Colline Rodin

Véritable écrin de verdure, la colline Rodin est devenue, au fil du temps, une immense friche industrielle. Sur les anciennes carrières de craie, dans le prolongement de la maison du sculpteur, ce site est constitué de parcelles en déshérence, de hangars de stockage, de bâtiments en ruine et d’entreprises artisanales.

Le projet d'aménagement prend en compte les atouts et les contraintes naturelles du site. Son enclavement, sa topographie et son sous-sol constituent des éléments forts de son identité.

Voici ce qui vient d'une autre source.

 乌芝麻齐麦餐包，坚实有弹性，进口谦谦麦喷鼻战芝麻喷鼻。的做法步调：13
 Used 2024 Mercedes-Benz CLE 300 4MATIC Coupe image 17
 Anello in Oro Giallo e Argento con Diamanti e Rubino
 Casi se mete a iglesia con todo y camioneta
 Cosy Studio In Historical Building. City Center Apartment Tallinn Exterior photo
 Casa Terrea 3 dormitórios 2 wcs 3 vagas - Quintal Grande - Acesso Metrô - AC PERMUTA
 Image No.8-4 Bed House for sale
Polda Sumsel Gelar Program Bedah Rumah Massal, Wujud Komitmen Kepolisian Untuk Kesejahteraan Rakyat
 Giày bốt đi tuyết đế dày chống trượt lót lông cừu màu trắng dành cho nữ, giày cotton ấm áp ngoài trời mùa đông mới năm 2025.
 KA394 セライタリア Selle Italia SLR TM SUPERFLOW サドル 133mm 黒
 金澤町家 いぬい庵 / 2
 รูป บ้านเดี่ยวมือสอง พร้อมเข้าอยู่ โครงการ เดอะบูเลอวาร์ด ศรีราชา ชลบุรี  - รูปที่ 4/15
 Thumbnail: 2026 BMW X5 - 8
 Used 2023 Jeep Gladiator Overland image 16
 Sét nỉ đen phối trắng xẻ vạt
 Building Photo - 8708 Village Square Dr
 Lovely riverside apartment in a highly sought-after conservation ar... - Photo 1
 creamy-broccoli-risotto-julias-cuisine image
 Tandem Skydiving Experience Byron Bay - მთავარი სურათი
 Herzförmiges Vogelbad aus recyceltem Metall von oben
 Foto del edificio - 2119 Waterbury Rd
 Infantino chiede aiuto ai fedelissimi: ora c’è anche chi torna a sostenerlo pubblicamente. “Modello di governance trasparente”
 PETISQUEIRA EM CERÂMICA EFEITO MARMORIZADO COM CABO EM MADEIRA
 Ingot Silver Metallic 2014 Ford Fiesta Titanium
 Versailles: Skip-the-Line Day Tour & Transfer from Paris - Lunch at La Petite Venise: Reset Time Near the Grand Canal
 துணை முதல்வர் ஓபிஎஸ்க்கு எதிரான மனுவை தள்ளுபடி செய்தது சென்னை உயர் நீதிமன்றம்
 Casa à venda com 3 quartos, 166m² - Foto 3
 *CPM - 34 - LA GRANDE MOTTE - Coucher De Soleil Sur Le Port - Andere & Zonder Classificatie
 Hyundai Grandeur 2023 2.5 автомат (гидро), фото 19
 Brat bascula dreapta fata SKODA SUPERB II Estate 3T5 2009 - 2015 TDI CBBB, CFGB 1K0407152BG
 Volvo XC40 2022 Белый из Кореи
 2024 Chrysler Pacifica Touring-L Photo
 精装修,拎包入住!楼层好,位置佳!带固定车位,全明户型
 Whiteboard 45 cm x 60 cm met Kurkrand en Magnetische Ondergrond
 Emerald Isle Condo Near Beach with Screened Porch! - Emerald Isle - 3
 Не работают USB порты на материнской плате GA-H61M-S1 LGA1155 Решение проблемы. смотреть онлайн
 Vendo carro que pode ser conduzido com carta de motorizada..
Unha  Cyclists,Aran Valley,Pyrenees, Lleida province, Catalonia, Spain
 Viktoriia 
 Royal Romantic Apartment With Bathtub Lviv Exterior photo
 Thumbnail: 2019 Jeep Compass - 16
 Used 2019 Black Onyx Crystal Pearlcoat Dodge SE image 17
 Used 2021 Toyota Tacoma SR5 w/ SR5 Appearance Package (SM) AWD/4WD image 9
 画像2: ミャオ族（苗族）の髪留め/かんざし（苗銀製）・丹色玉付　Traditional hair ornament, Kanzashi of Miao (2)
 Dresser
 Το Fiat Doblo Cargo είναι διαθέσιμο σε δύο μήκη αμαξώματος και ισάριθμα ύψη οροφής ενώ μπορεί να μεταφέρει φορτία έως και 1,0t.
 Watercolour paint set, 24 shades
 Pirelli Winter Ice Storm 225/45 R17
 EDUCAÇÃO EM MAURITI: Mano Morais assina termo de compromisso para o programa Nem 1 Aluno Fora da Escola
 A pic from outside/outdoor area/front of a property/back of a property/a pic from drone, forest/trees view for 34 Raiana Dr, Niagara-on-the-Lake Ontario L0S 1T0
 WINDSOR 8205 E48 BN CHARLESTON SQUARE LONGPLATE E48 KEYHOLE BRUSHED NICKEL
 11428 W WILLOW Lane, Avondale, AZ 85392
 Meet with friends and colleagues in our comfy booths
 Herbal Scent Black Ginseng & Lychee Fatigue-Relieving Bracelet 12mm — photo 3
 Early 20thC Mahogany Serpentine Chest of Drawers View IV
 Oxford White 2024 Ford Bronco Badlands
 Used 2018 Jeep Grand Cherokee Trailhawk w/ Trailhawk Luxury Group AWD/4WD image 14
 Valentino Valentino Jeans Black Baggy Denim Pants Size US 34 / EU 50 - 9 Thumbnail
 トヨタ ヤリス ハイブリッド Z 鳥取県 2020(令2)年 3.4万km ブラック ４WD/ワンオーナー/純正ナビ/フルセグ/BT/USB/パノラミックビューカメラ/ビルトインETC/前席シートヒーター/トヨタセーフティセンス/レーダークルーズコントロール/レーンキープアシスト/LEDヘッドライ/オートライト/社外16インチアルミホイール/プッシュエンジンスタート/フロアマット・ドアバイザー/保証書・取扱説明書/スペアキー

À la limite de Clamart et d'Issy-les-Moulineaux, la colline se trouve à moins de 15 minutes à pieds des lignes de tramway, du RER C et du Transilien. Pourtant, le site est très enclavé. Il n'est accessible que par des sentiers, depuis la rue du Docteur Arnaudet.

L'établissement public foncier d'Île-de-France (ancien EPF 92) possède 60% des terrains et prévoit d'aménager:

  • des logements en accession (environ 400) et pour étudiants, des logements sociaux, notamment une résidence étudiante et un foyer pour jeunes actifs avec un local d'activités
  • des espaces verts
  • des sentes piétonnes

Projet Icade

Situé au 16 bis du Docteur Arnaudet, le groupe Icade a obtenu un permis de construire pour l’édification d’un immeuble de 85 logements dont 39 logements sociaux. Livraison prévue début 2019.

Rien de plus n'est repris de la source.